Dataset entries
= = = = = = =
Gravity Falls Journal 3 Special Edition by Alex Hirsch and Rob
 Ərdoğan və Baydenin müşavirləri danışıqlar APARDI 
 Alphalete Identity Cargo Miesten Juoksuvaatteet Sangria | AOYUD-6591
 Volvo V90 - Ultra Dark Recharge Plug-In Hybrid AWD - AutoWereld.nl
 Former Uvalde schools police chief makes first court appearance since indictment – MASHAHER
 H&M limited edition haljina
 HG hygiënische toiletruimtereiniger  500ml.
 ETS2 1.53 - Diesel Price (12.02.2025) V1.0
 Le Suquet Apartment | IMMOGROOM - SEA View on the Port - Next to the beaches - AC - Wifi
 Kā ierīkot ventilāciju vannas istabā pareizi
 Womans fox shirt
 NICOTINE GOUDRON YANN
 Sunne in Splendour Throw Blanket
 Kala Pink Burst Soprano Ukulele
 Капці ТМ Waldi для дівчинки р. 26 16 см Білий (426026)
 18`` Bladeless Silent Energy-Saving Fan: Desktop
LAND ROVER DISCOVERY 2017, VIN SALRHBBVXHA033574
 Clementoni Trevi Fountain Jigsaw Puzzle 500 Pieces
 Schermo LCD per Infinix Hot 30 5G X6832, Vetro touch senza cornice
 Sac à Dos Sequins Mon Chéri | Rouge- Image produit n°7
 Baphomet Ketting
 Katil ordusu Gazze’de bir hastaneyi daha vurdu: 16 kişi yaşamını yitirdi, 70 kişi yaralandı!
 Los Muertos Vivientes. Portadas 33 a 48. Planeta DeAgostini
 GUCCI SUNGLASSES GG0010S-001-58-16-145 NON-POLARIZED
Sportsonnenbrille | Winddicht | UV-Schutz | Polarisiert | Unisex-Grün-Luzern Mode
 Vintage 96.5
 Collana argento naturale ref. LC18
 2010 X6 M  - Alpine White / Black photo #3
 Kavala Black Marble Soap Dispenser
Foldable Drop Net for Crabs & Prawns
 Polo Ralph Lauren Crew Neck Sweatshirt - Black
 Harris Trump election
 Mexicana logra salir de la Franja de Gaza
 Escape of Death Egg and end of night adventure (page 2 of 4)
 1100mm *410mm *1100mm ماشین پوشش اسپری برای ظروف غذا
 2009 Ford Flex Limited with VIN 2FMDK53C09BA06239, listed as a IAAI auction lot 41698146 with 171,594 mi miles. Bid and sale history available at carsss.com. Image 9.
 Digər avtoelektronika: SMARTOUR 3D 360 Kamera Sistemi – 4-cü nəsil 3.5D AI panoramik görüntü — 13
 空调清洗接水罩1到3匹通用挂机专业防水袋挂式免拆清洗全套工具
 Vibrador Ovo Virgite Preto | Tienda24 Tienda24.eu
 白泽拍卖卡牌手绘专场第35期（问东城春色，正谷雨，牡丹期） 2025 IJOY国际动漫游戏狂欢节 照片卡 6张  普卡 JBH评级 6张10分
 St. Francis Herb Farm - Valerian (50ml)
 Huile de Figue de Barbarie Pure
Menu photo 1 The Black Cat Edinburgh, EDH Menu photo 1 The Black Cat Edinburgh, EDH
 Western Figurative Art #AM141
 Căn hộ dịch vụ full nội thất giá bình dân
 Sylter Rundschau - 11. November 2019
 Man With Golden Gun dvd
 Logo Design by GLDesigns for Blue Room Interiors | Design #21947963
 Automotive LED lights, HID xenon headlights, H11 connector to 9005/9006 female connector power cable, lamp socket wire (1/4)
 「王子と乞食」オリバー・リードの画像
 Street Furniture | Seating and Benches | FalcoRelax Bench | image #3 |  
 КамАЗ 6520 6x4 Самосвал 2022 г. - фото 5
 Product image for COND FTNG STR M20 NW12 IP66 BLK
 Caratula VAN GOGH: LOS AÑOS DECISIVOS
= = = = = = =
WHAT IS BEING ASKED ▸
Retrieve each line from the records above where the word "photo" occurs.

SOLUTION FOR THIS TASK ▸
 2010 X6 M  - Alpine White / Black photo #3
Menu photo 1 The Black Cat Edinburgh, EDH Menu photo 1 The Black Cat Edinburgh, EDH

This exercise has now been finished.